Jorge Enrique Robledo
Bogotá, 5 de mayo de 2005.
Hace pocos días, cuando nuevamente el gobierno empezó a preparar el terreno para fumigar los parques nacionales naturales de Colombia, despropósito que fuera derrotado por la gran protesta nacional e internacional de hace un año cuando se intentó por primera vez, empezaron las fumigaciones aéreas en el oriente del departamento de Caldas.
El diario La Patria informó que cerca de cinco mil campesinos y jornaleros inundaron las cabeceras urbanas de Samaná, Norcacia, Berlín, Florencia y San Diego, adonde los expulsó la lluvia de herbicidas que cayó sobre los cultivos de coca y de pancoger. El piloto de la avioneta pasó “varias veces fumigando por cualquier parte, sin poner cuidado”, explicó uno de los labriegos. Eso “dejó daños aterradores, parece como si un incendio hubiera acabado con todo. Al otro día de empezar las fumigaciones, el café, el plátano y los otros cultivos estaban muertos”, agregó una damnificada. El resto del drama es el ya conocido de hombres, mujeres, ancianos y niños desplazados y hacinados en cualquier parte a la espera de la limosna del gobierno, solo oportuna y suficiente en la verborrea de los funcionarios que la prometen.
Que esta tragedia ocurra en el oriente de Caldas no es una casualidad. Porque en esa zona los indicadores sociales son peores que los ya malos del resto del departamento y el país. Es tan notable allí la falta de respaldo del Estado a los esfuerzos de quienes terminan sembrando coca, desesperados porque ningún otro cultivo les permite sobrevivir en sus minifundios, que también le cabe el comentario efectuado sobre la decisión de fumigar en el Chocó: “El gobierno solo se acuerda de esas regiones para fumigarlas”.
E iguales o peores son las condiciones en las que sobreviven los campesinos e indígenas que habitan en los parques naturales colombianos, puestos otra vez en la mira por los gobiernos de Estados Unidos y de Colombia con el propósito de fumigarlos como cucarachas, acto atroz que tendría el agravante de los grandes daños que se les infligirían a unas zonas cuya diversidad biológica les otorga un lugar excepcional en la tierra. “Bárbaros” será el veredicto de los demócratas del mundo si el glifosato de Monsanto termina por caer sobre esas áreas, en vez de insistir en la muy eficaz erradicación manual de los plantíos ilícitos.
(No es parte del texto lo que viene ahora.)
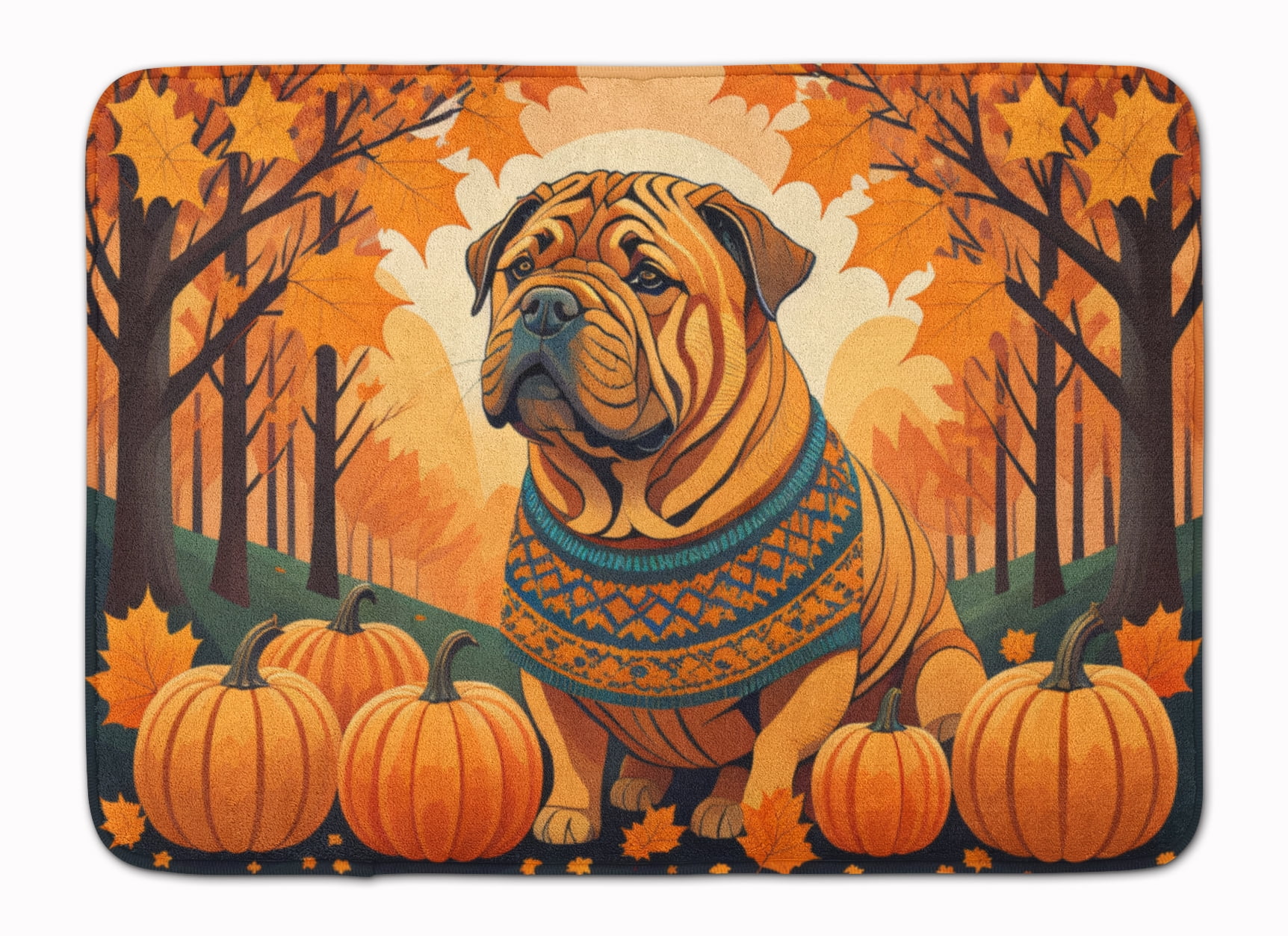 Carolines Treasures DAC1070RUG 19 x 27 in. Unisex Shar Pei Fall Memory Foam Kitchen Mat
Que haya quienes, entre otras cosas, cultiven coca en los parques de Colombia se explica por la falta de oportunidades que desde siempre han padecido los pobres de las zonas rurales del país. Y porque a esa ausencia de políticas agrarias progresistas se le añadió que el neoliberalismo agravó la situación, al eliminar 1,3 millones de hectáreas entre cultivos transitorios y cafetales, con la consiguiente expulsión de campesinos y jornaleros hacia las regiones de frontera donde, si bien la siembra de coca no los saca de la pobreza y la miseria, sí les permite realizarse en el trabajo agrario que es en el que son especialistas.
Cómo contrasta la decisión del gobierno de Estados Unidos de insistir en las importaciones agropecuarias y en las fumigaciones en Colombia, con el manejo que le da al problema de la droga dentro de sus fronteras. Ahí están bastante tranquilos los cultivadores de marihuana en sus parques nacionales naturales, sus mafiosos realizando la parte más rentable del negocio del narcotráfico, su sistema financiero lavando los dólares de los criminales y hasta su industria exportando los insumos sin los cuales la coca no puede convertirse en cocaína. Y esto sucede en las narices de los jefes del mayor imperio militar y policivo de la historia, quienes no hacen lo suficiente en su territorio pero sí imponen en sus satélites medidas que ni siquiera se atreven a proponer en su país.
Lo perverso de esta política que azota a los colombianos ofende más cuando se conoce su rotundo fracaso en el objetivo de reducir el flujo de cocaína y heroína que llega al mercado estadounidense. Que esto es así se demuestra con un argumento irrebatible expresado por el propio The New York Times: luego de cinco años y de gastos del Plan Colombia por tres mil millones de dólares envenenando el país, se mantiene estable el precio y mejora la pureza de las drogas en las calles de las ciudades de Estados Unidos.